Uzbekistan and the Taliban discussed joint projects
The recent meetings between Uzbek and Taliban official representatives organised to discuss humanitarian assistance and joint economic and infrastructural projects underline Tashkent’s strategy to establish relations with the Taliban government to stabilise its borders and promote an economic partnership considered as necessary for the security and stability of the region.
On October 7th, 2021, the Minister of Foreign Affairs of Uzbekistan Abdulaziz Kamilov visited Kabul to hold negotiations with the Deputy Head of the Interim Government for political issues, Mullah Abdul Kabir. Also, the acting Deputy Prime Minister Abdul Salam Hanafi, Ministers of Transport and Civil Aviation, Public Works, Energy and Water Resources of Afghanistan attended the meeting.
Kamilov held separate negotiations with the acting Foreign Affairs Minister of the Taliban Interim Government Amir Khan Muttaqi and discussed efforts to provide the people of Afghanistan with humanitarian and other assistance and the implementation of large infrastructure projects in the field of energy and transport in the country.

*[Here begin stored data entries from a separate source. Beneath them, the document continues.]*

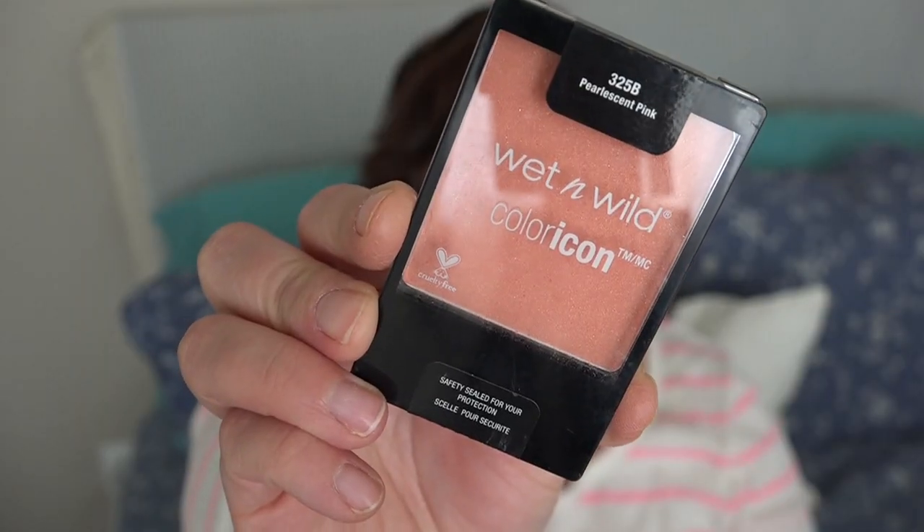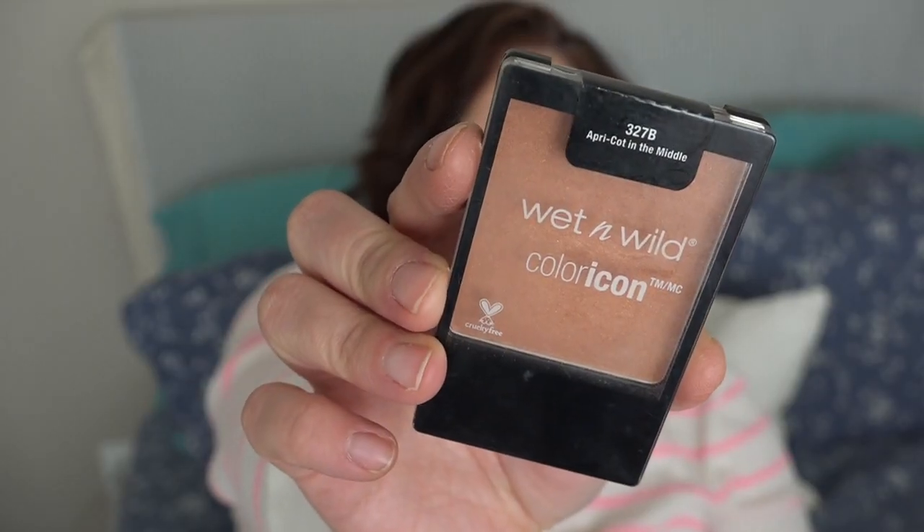The first products are blushes — these blushes are so beautiful. The first one I have is Pearlescent Pink and it is kind of an apricot shade. It's got a really tiny bit of shimmer in it and it's just beautiful. I'm actually wearing it on my cheeks today.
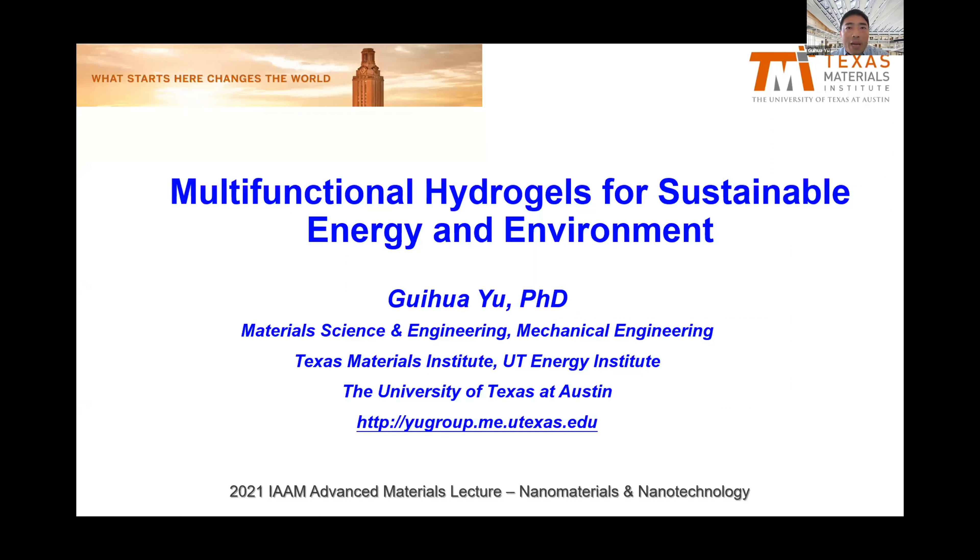I'll be sharing some of our work on multifunctional hydrogels for energy and environmental applications. I'm a professor of Materials Science and Engineering and Mechanical Engineering at UT Austin, affiliated with both the Texas Materials Institute and the UT Energy Institute.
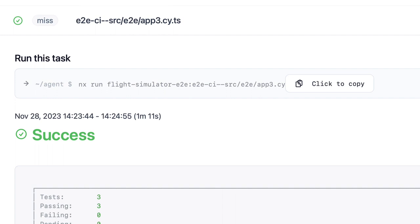This reduces the clock time, and NX Cloud is able to figure out which targets are flaky — which end-to-end tests, which files are flaky — and rerun them if they fail.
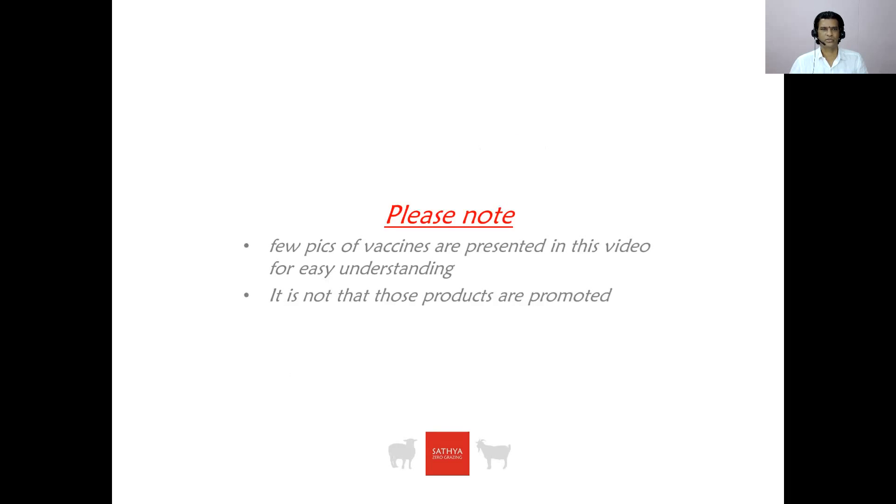Please note that the few pictures inserted in this video are for easy understanding only — it does not mean that these products are being promoted. Thank you for watching.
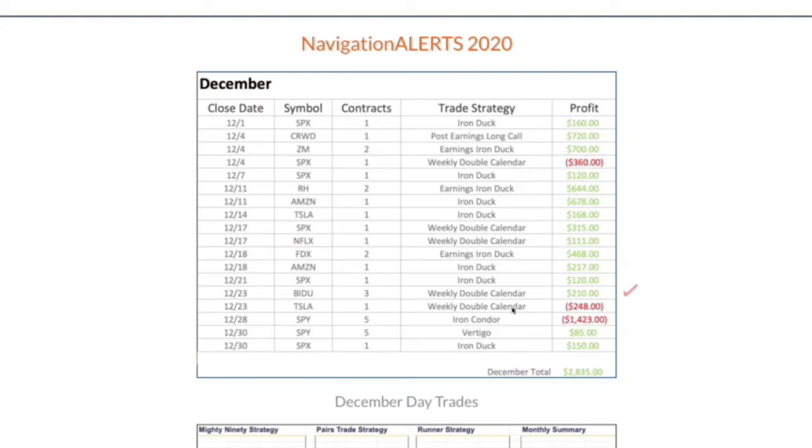We did have a weekly double calendar that was a loser. We had an iron condor in SPY that we'd been adjusting and managing for several cycles. We ended up just closing it out because implied volatility was so low, taking the loss of a little over $1,400 on that one.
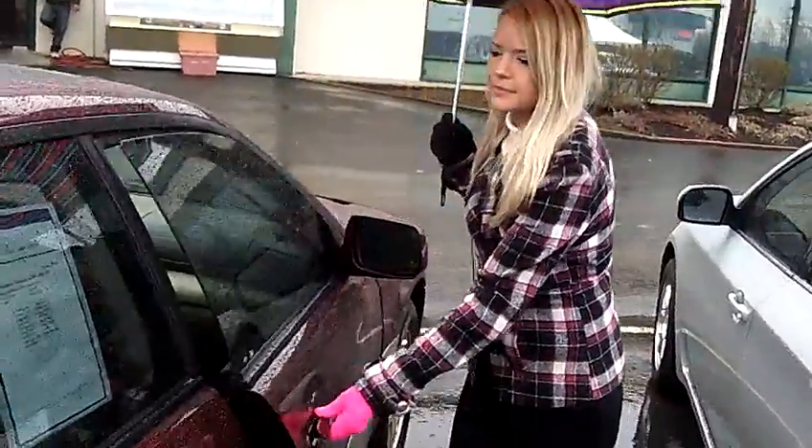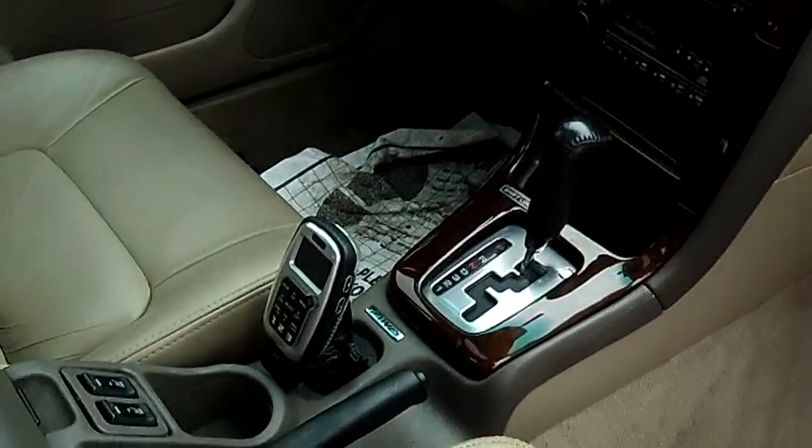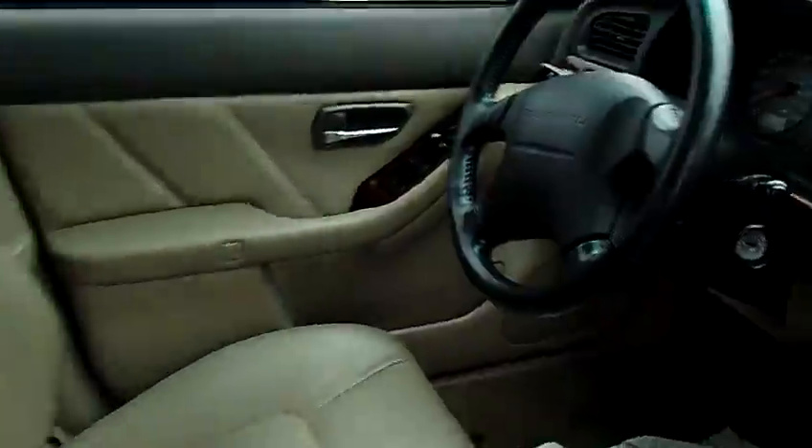It also has power windows, power door locks, cruise control, and a single-disc CD.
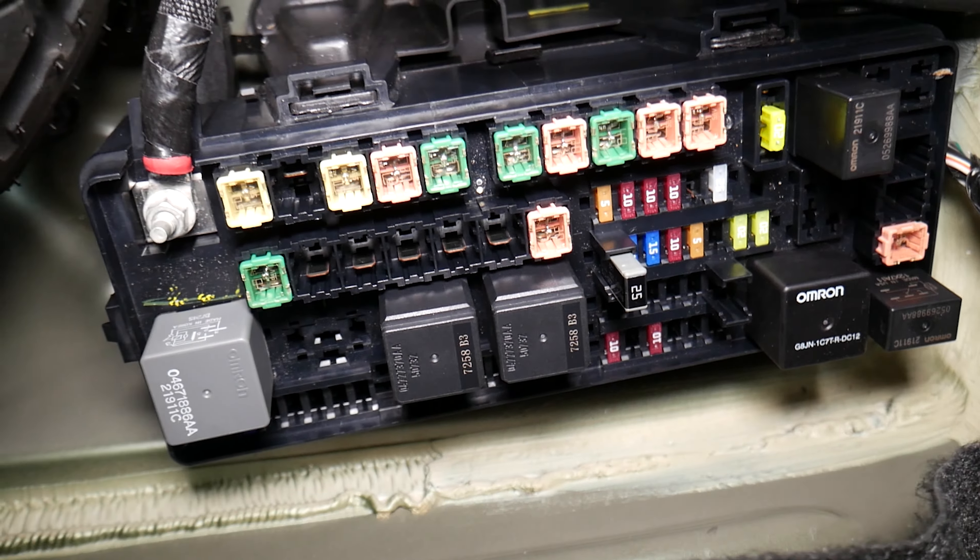Number two: it's very important to know which battery terminal to disconnect first. If you disconnect or reconnect the wrong one first, you can burn modules and computers. We know that because we burned a computer on a Mercedes — it cost two thousand dollars. There is a video that teaches you which battery terminal to disconnect and reconnect first — check that out.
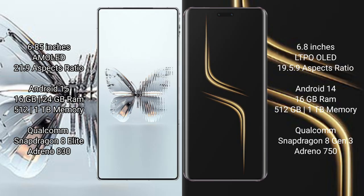Red Magic 10 Pro Plus runs on Android 15 operating system. Honor Magic 6 Ultimate runs on Android 14 operating system. Red Magic 10 Pro Plus comes with 16GB or 24GB RAM and 512GB or 1TB internal storage, powered by the Snapdragon 8 Elite processor with Adreno 830 GPU.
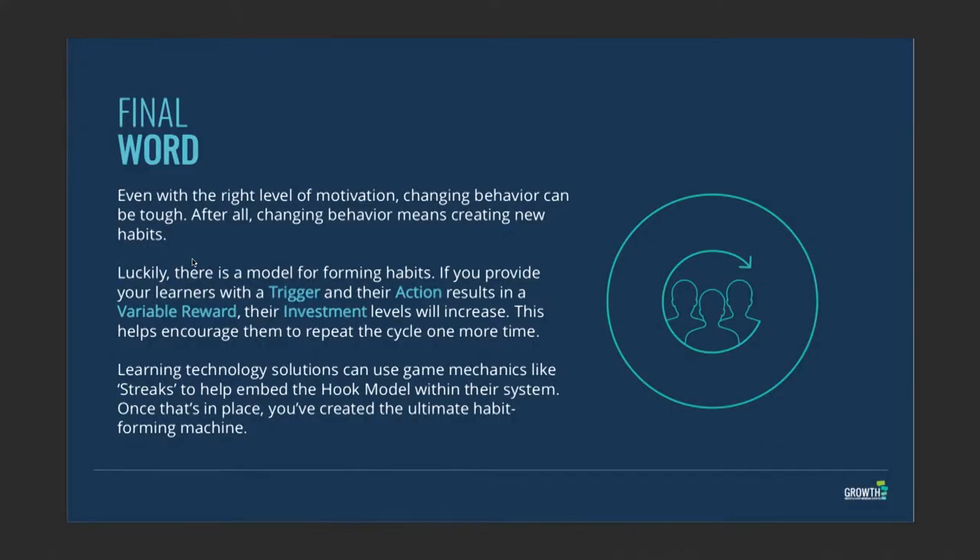In learning technologies, you can use all sorts of gamification mechanics to achieve this. In a classroom, you could get kudos through progress cards or streaks. In learning technologies platforms, we use badges, XP, streaks, and social kudos — all of those things to make sure the Hook Model is really embedded into your sense of learning and progression.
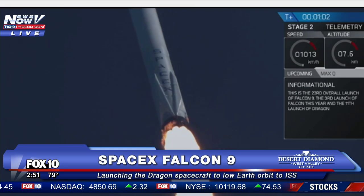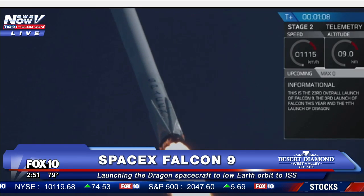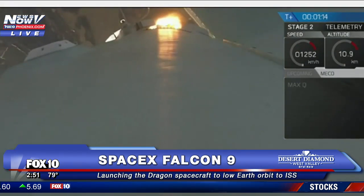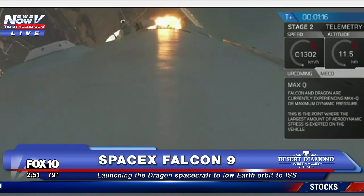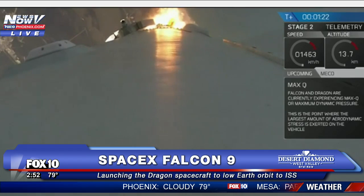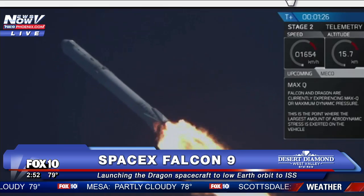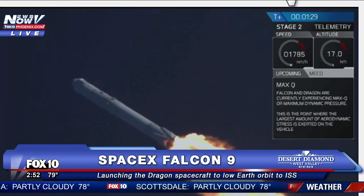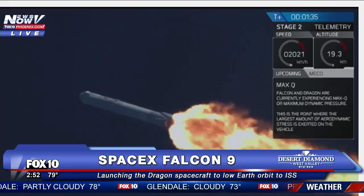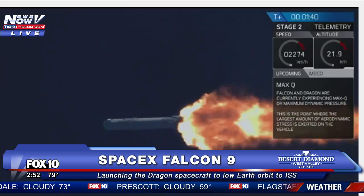Falcon 9 is on its way to delivering the Dragon spacecraft to the International Space Station for its 8th commercial resupply services mission. We are about to cross through Max-Q — maximum aerodynamic pressure. It's one of the highest-stressed states on the rocket. Keep in mind, you're looking at a 70-meter-tall rocket, about the equivalent of a 25-story building going to space. And that exhaust plume — it's about one and a half million pounds of thrust coming out of the aft end of the first stage.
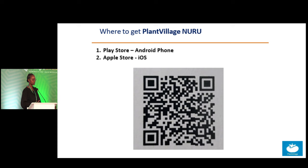These are some of our donors and partners, and we'd like to thank all of you for taking the time to come here. In case you have any questions or need clarification, kindly reach out to me. Thank you.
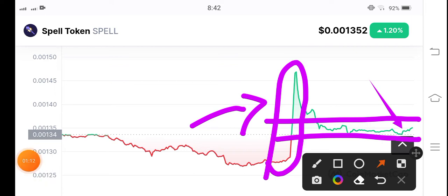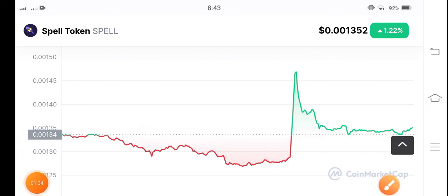If you look at the previous move of spell token, it's again giving us a signal about a pump — so be ready. But please, if it breaks the previous resistance line, there's a possibility it could form a new pattern. I recommend not making an entry right after breaking the resistance line — just open a position and wait a while. Thanks for watching. Share your opinion in the comments.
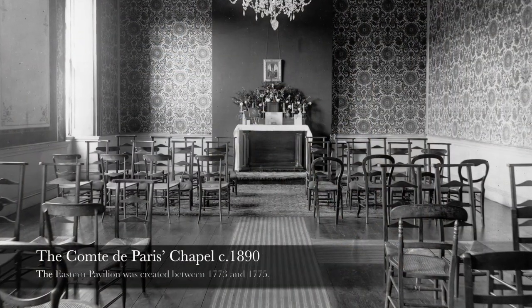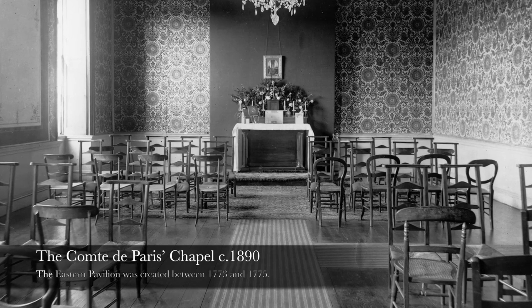Here we are in the Paris room. It's been known by many things over the years. It originally started as the library in the 1770s, then it became a portrait room, then a billiard room, then back to the Temple Grenville portrait room again, and then it became the chapel for the Comte de Paris — hence its name now is the Paris room.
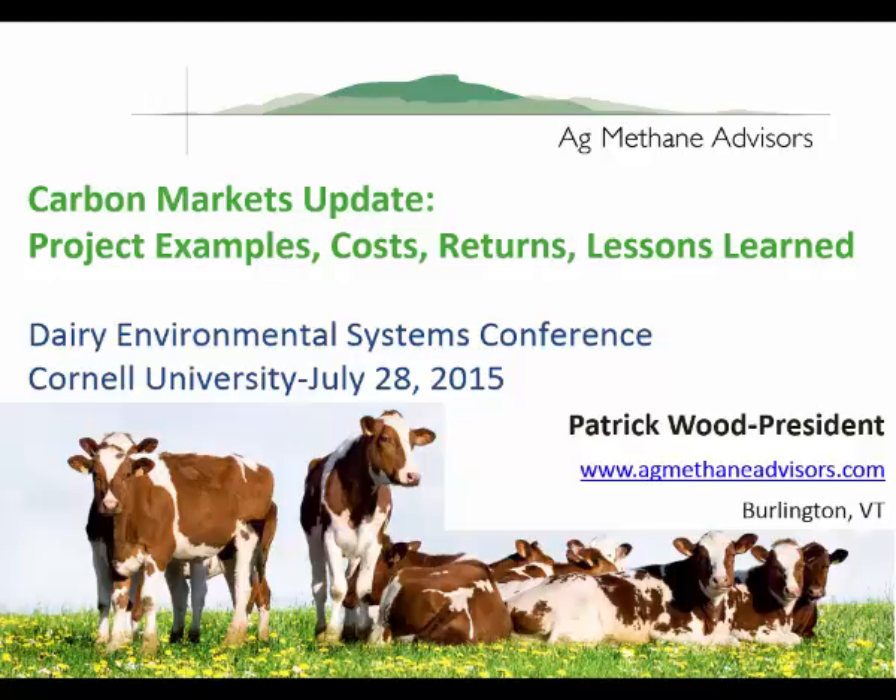Thank you to the program for having me here and Jenny for inviting. It's great to be here and great to be sharing information with all you guys. Thanks for coming.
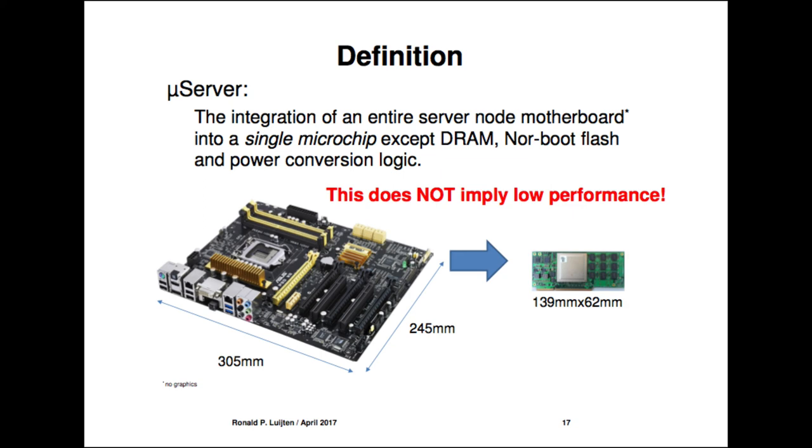Everything else on a typical circuit board — a 30 by 25 cm board with connectors and many chips — we convert into a board 14 cm by 6 cm. The microchip contains all functions you need for a server: not only compute, but storage and networking interface on the same SoC. I call that a server on the chip.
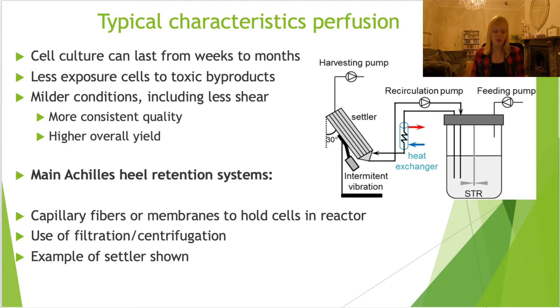The key Achilles heel of perfusion bioreactors, which were proposed in the 1980s, is that they didn't really take off because at the time there was a lot of incentive to improve batch processing. The Achilles heel has really been the retention-based systems needed for these perfusion bioreactors. Options include the settler shown here, capillary fibers within the reactor, or a filter or centrifugation. It was only when they started improving those systems that perfusion bioreactors became a more appealing option.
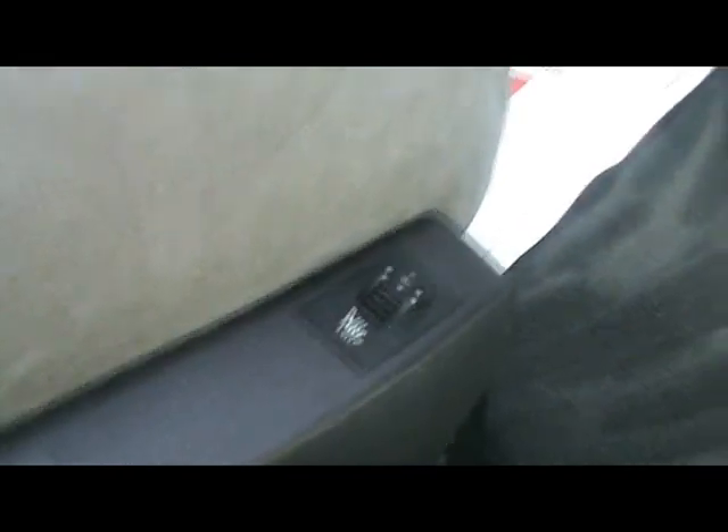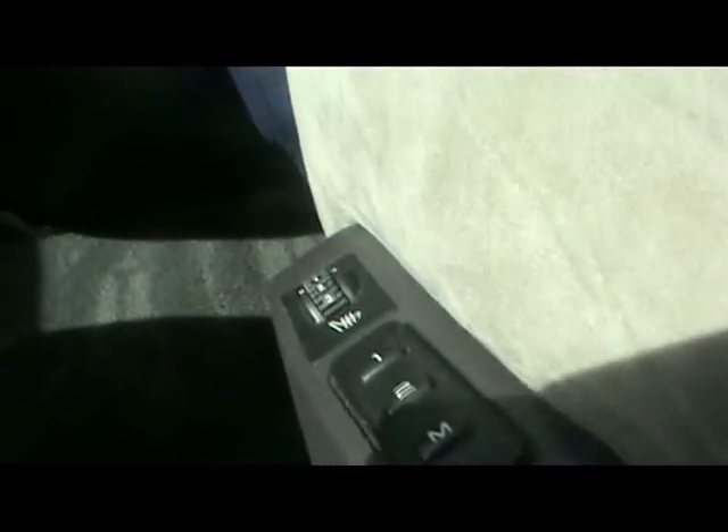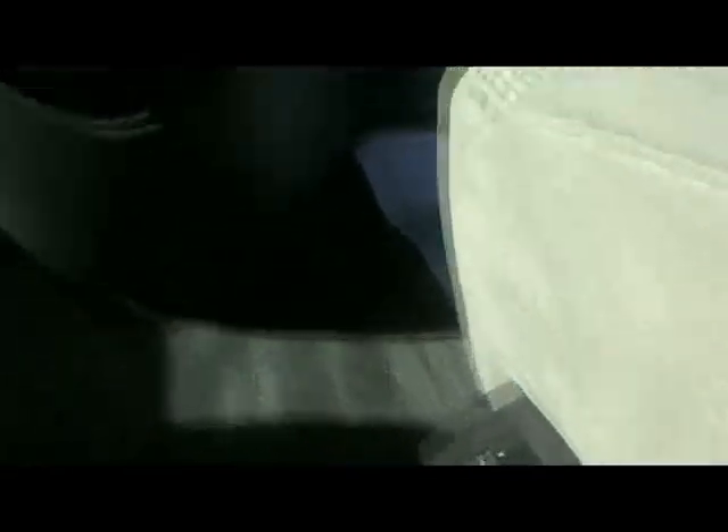The driver's seat is a memory seat, so if you've got two drivers that's really handy. You can see the car has covered just 37,000 miles. If you'd like any more information on this car please don't hesitate to contact us. Thanks for watching.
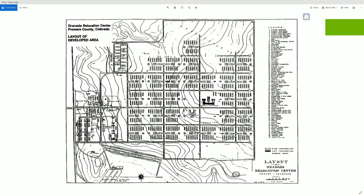Welcome back to my second part discussion on Grenada. This layout was published in 1942 for the planned construction of the Grenada Japanese American Relocation Center.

According to the press release of the Ministry of Investments and Foreign Trade of the Republic of Uzbekistan, on October 16th, 2021, in the city of Turmuz, the Taliban delegation led by the acting Deputy Prime Minister Abdul Salam Hanafi met with Uzbek Deputy Prime Minister and Minister of Investments and Foreign Trade Sardor Umurzakov to evaluate issues related to trade and economic interaction, border security, energy cooperation and international cargo transportation. The two parties also talked about the implementation of infrastructure projects, particularly the laying of the Surkhan – Puli-Khumri power line and the construction of the Termez – Mazar – Sharif – Kabul Peshawar railway. The Taliban have expressed their readiness to ensure the safety of Uzbek specialists who will come to work on these projects.
Why does it matter?
Because the recent Uzbek-Taliban meetings highlighted that Tashkent aims at transforming Afghanistan into a bridge for strengthening cooperation between Central and South Asia and minimising possible risks for Uzbek national interests from the Taliban or any terrorist groups that might arise inside the Afghan territory. Analysing the situation around Afghanistan and taking into account the complexity of interests of Uzbekistan, as well as the interests of the Uzbeks of Afghanistan, it seems that Tashkent officially seeks to engage a dialogue with the Taliban to promote its national agenda and guarantee regional security and stability.
Since the Taliban have shown their military capabilities during 20 years of war against the U.S. troops, the Uzbek Government has apparently neither the desire nor the resources to start a conflict with its neighbours. In this context, Uzbekistan wants to demonstrate its ability to build a stable and peaceful Afghanistan and aims at presenting itself as the ideal actor with whom the Taliban and the Afghan community might dialogue and cooperate. Recent meetings between Uzbek and Taliban representatives also confirm the impact that the Taliban Government have on Central Asian dynamics, particularly Uzbekistan and Turkmenistan that are intensifying their cooperation in different fields and creating a joint partnership in connection with the recent developments in Afghanistan to secure their countries and boost their economies (How Afghanistan is influencing the Turkmenistan-Uzbekistan cooperation).